ローカルのパートナーには、業界水準の報酬を設定

 ここからは、事前に頂いた質問に沿ってお話ししていきます。まず、スタートアップの取り組みに対する社内体制についてお話しします。

 案件探索にあたっては、事前に投資や協業の意思決定の方法や、実際の取り組みが可能なスタートアップの領域とステージ等の個別案件の性質を、社内で事前定義することが有効です。すなわち、実際に手がけられる案件(案件のステージや分野、内容)はどういうものかをわかった上で、それに合う会社を探していくということです。また、いったん決めた方針も、取り組み開始後に思い通りに進まないことも多く、柔軟に修正を行える体制も必要だと思います。

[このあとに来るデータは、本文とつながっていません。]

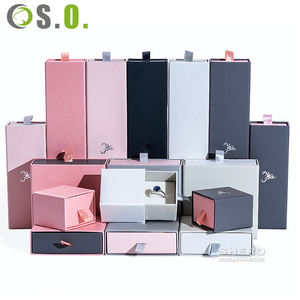 Caja de Cartón con Logotipo Personalizado, Cajón para Joyería, Empaque Deslizante, Caja para Pulseras, Aretes, Collares y Anillos - Product Image 3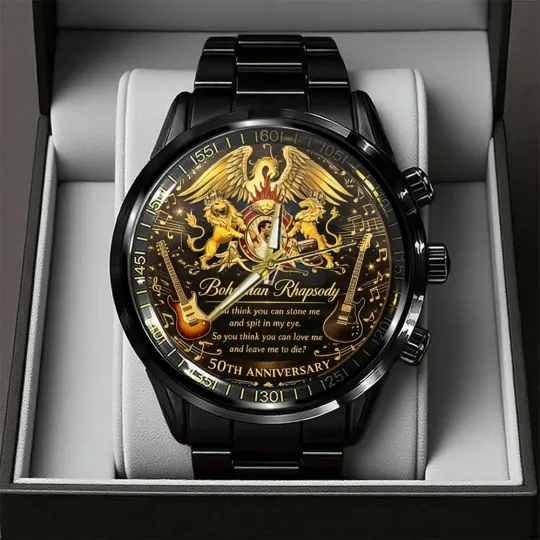 Discover Freddie Mercury 50th Anniversary Black Stainless Steel Watch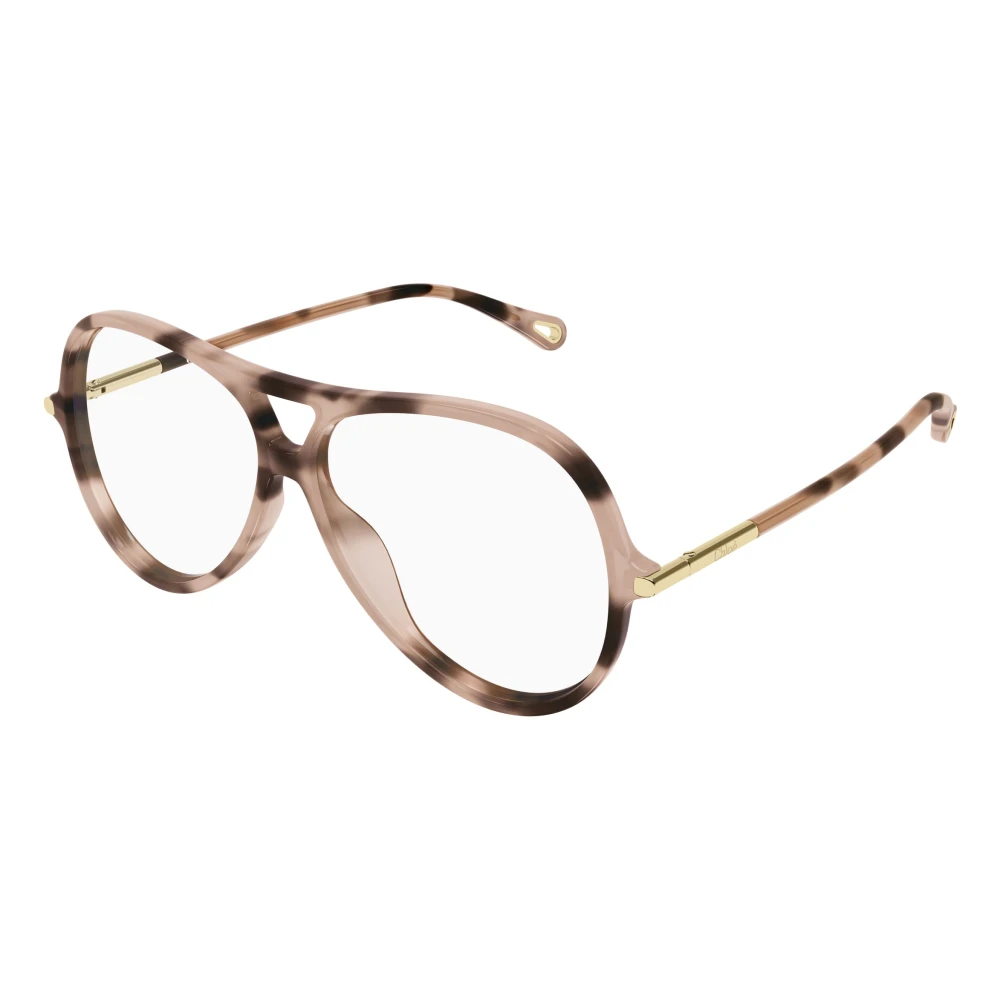 Chloé Ch0398o 003 Woman Optical Frames Acetate Havana Transparent Round - Image 2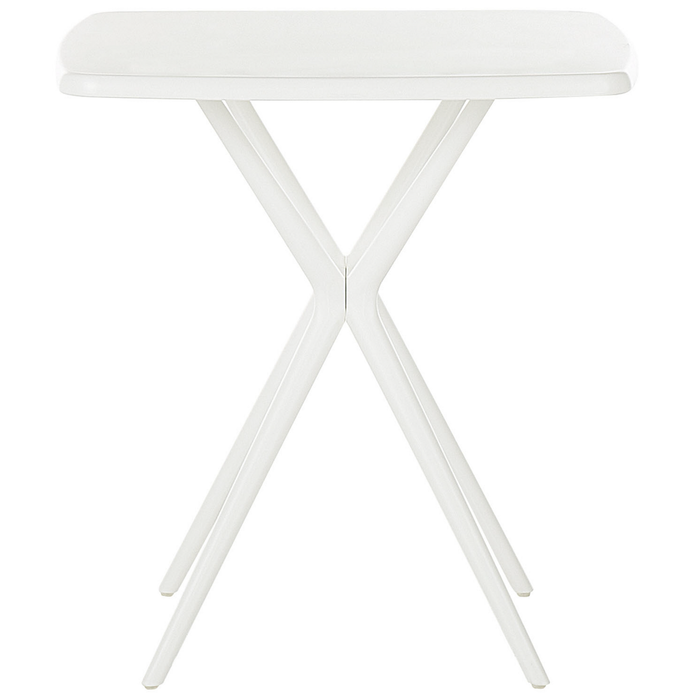 Beliani-SERSALE|VIESTE-Bistroset voor 4 -Wit-Synthetisch materiaal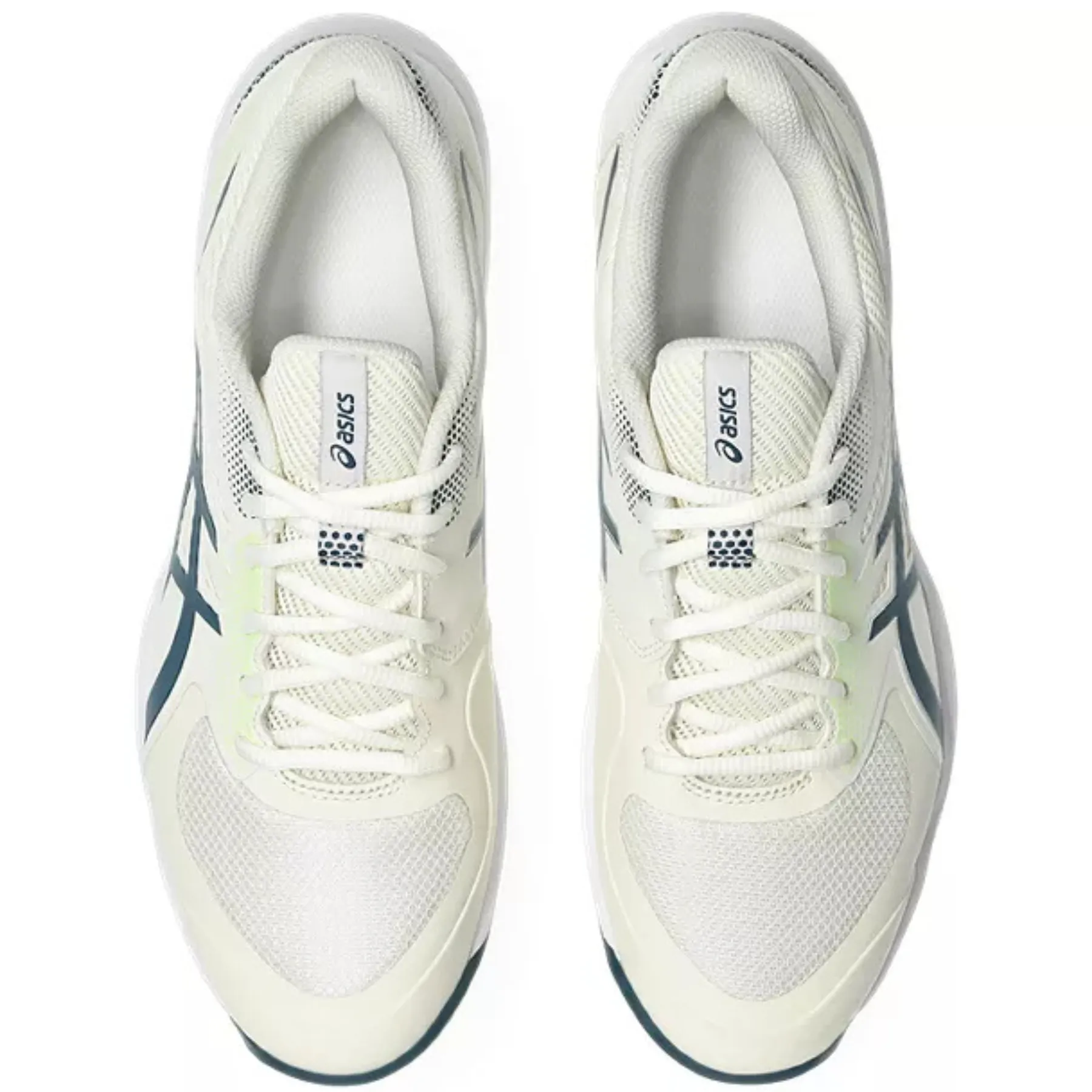 Asics Game FF Mens Pickleball Shoes - Cream/Tranquil Teal Asics Shoe Release Dates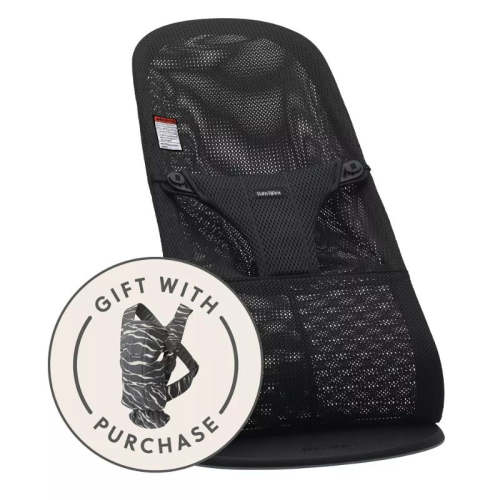 Bouncer Bliss Mesh in Black + Baby Carrier Mini in Anthracite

 日本側のキャッチャーについては、なるべくメンバーを固定した少人数にし、社内横断的な目線と経営層への報告・相談ルートを確保して連携することが大事です。ただし、彼らはあくまで優秀な事務局であり、実際に案件を形成して取り組んでいくのは事業部門の責任者の方々ですから、事業の推進力を事務局頼みにせず、事業責任者を中心に組織として推進力を確保していくことが必要です。

 次は出資先選定基準・投資意思決定プロセス・メンバーの報酬体系についてです。マジェンタは投資リターンを目的としたVCのため、戦略目的で投資を考える企業とはプロセスが異なると思いますが、ご参考までお知らせします。当社の出資先選定基準は、原則「投資した金額の10倍のリターンを狙える投資案件」としており、投資の意思決定はパートナー4名の全会一致をもって行っています。

 報酬体系は――我々日本人はサラリーマンですが――イスラエル人パートナー2名については、成功報酬ベースの通常のVCパートナーの慣例を踏襲しています。VC業務に限らず、現地で組織を立ち上げてパートナーを探す際は、あらかじめ決まっている予算に見合った人を探すのではなく、まずはやるべきことを決め、それに必要な人材像を定め、現地でそのような人材の雇用に必要な給与水準を調べて待遇を決める、という順で考えることが大事です。

 続いて、スタートアップを評価するうえでのポイントについて。出資目的によって評価ポイントは異なると思いますが、一例として、私たちがVC目線で投資案件を評価する際に時折使っている外形基準を紹介します。

 具体的には、通常の調査、すなわち経営陣の能力や製品、技術、競合、マーケット等を一通り調べることに加えて、客観的に案件のレベル感を推し量ることがあります。例えば以下のような事柄です。

● 市場:少額でも有料顧客がいる製品に注目。市場ニーズがあることの証左
● 実績(ディールの格):経営陣や投資家などの顔ぶれや実績からレベル感を把握。特に狭い社会であるイスラエルでは有効
● 状況証拠:投資家間の競争が激しく入りにくい人気案件ほど、価値が高い傾向
● 第三者目線:他投資家との共同投資として、共同投資家を確保できた場合に投資を行う

 最後に、イスラエルのSDGsの評価とビジネスとの関連性についてです。イスラエルのSDGsランキングは世界38位とあまり高くなく、教育やジェンダー平等、気候変動への対応、海洋資源保護、陸上生態系保護が要改善項目とされています。

 一方で、これら課題解決に有益な各種技術、例えば農業、海水淡水化、太陽光発電など、国の存続に不可欠な資源確保を目的に開発された技術の蓄積があります。こうした技術の価値とSDGs間の関係性を見つけて市場につなげていくことで、イスラエル発の大きなビジネスチャンスが生まれるのではと考えています。